Le président de la formation de jugement a dispensé le rapporteur public, sur sa proposition, de prononcer des conclusions à l'audience.
Les parties ont été régulièrement averties du jour de l'audience.
Ont été entendus au cours de l'audience publique :
- le rapport de M. Xavier Fabre, premier conseiller,
- et les observations de Me B...F..., représentant MmeG....
Considérant ce qui suit :
Sur la décision de refus de séjour :
1. Il ressort des pièces du dossier que la décision de refus de séjour a pour objet de se prononcer sur la demande de titre de séjour que Mme G...a présentée au titre de l'asile.
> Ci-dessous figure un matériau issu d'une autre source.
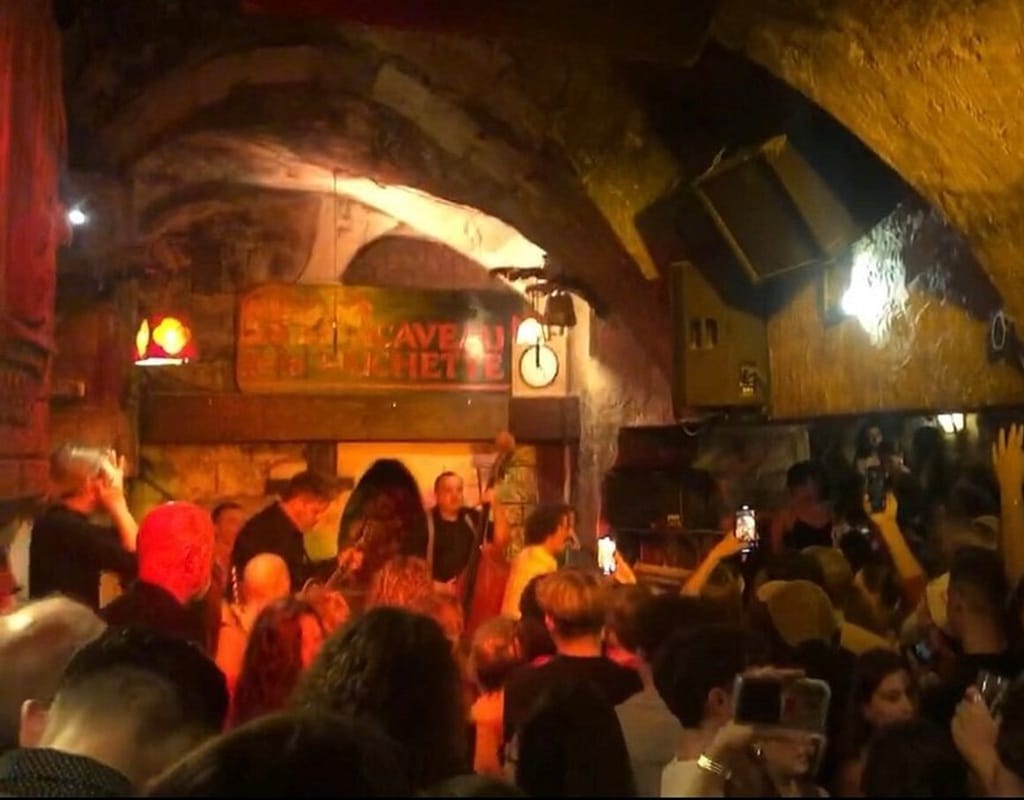 CAVEAU DE LA HUCHETTE 2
Sa demande d'asile a été rejetée tant par l'Office français de protection des réfugiés et apatrides le 30 septembre 2016 que par la Cour nationale du droit d'asile le 1er mars 2017. La préfète de la Seine-Maritime était, dès lors, tenue de refuser le titre de séjour qu'elle sollicitait sur le fondement des dispositions du 8° de l'article L. 314-11 du code de l'entrée et du séjour des étrangers et du droit d'asile. L'autorité administrative n'était saisie d'aucune autre demande et n'a pas procédé à un examen à un autre titre. Par suite, les moyens soulevés à l'encontre de la décision de refus de séjour, tirés de ce que la décision de refus de séjour est insuffisamment motivée, qu'elle méconnaît les stipulations de l'article 8 de la convention européenne de sauvegarde des droits de l'homme et des libertés fondamentales, qu'elle est entachée d'erreur manifeste dans l'appréciation de ses conséquences sur sa situation personnelle et qu'elle méconnaît les stipulations du 1 de l'article 3 de la convention internationale relative aux droits de l'enfant doivent être écartés comme inopérants.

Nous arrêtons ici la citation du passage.